How EMS providers can benefit from using 3D CAD software
EMS providers are able to use this software to enhance the build instructions they produce for you. By including exploded 3D images in their data packs, an increased level of clarity is provided to the assembly team. Any ambiguity over the build process is removed, resulting in a much more efficient assembly process.
By using such images it is also possible to reduce the number of documented build steps - particularly if your product is a complex cabinet, box build or electromechanical assembly consisting of hundreds of different parts and many hours of labour content. And if your EMS provider has its own low cost manufacturing facility, for example in Central Europe, this can really help when transitioning builds across from one plant to another.

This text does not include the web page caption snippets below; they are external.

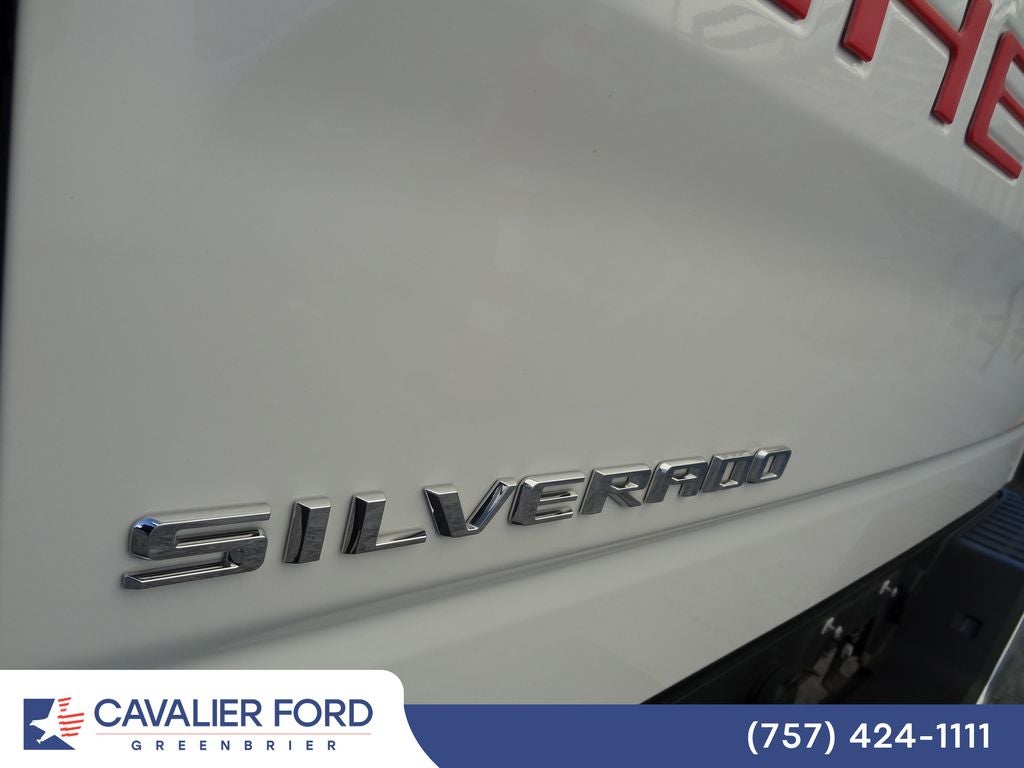 2024 Chevrolet Silverado 1500 LT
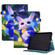 Colored Drawing Stitching Elastic Band Leather Smart Tablet Case iPad Air 10.9 2022/2020 / Pro 11 2021/2020 - Cute Rabbit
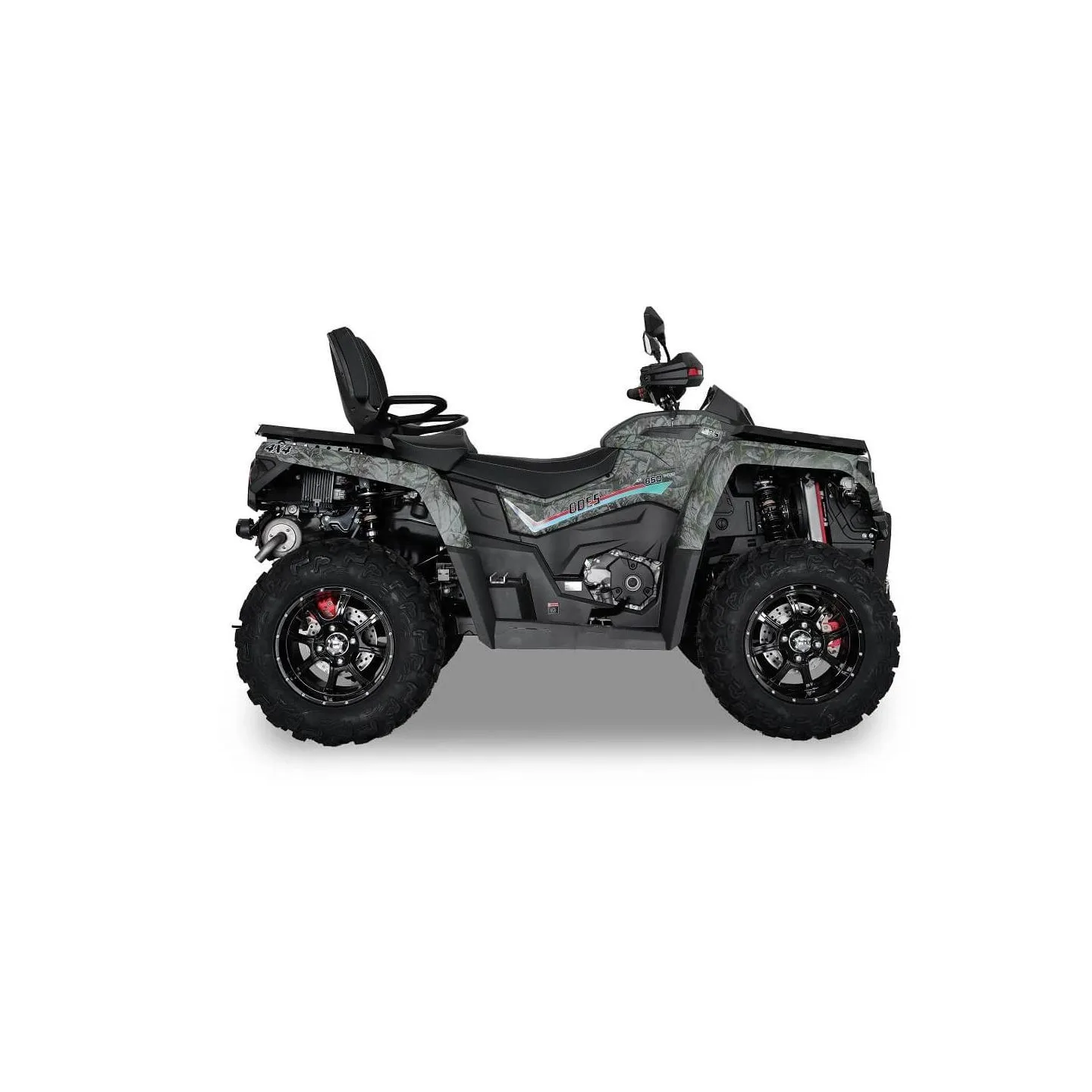 Quad - ODES - PATHCROSS 650 MAX XTX TITANIUM GREY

Your EMS partner can also use this software to help create bespoke jigs and production line tooling for you. Manufacturing aids are commonplace within EMS to support, for example, the alignment of LEDs within a front panel, a potting process or with press-fit connectors. While simpler jigs can be created in house, your EMS provider may require a third party supplier to produce some of the more complex pieces. By providing these suppliers with both 2D drawings and 3D models your EMS provider can guarantee that the jig they create for your product is going to be fit for purpose.
So, what are the drawbacks? Well it’s worth noting that the initial outlay for the software and licences can be quite expensive. As with many software packages there are a number of "add-ons" - which can add up and be a little daunting when looking into the options. If you have a number of design/engineering staff and include training and maintenance, budgeting between £30-50k isn’t unrealistic. New hardware may also be required to support the software, as it can be heavy on graphics and therefore hungry on RAM.
There is also training to consider. Users will require a basic grounding in CAD and have the ability to accurately draw 2D diagrams. The good news is there are typically a range of helpful wizards and tutorials built in to guide you through most of the basic features.
Turning new ideas into virtual products is now more accessible than ever. Gone are the days of having to invest thousands of pounds in expensive tooling and other resources to get your prototype out to the market. And when you consider how accessible and relatively inexpensive other complementary innovations are today, for example 3D printers, it really is an exciting time for the world of design and electronics manufacturing.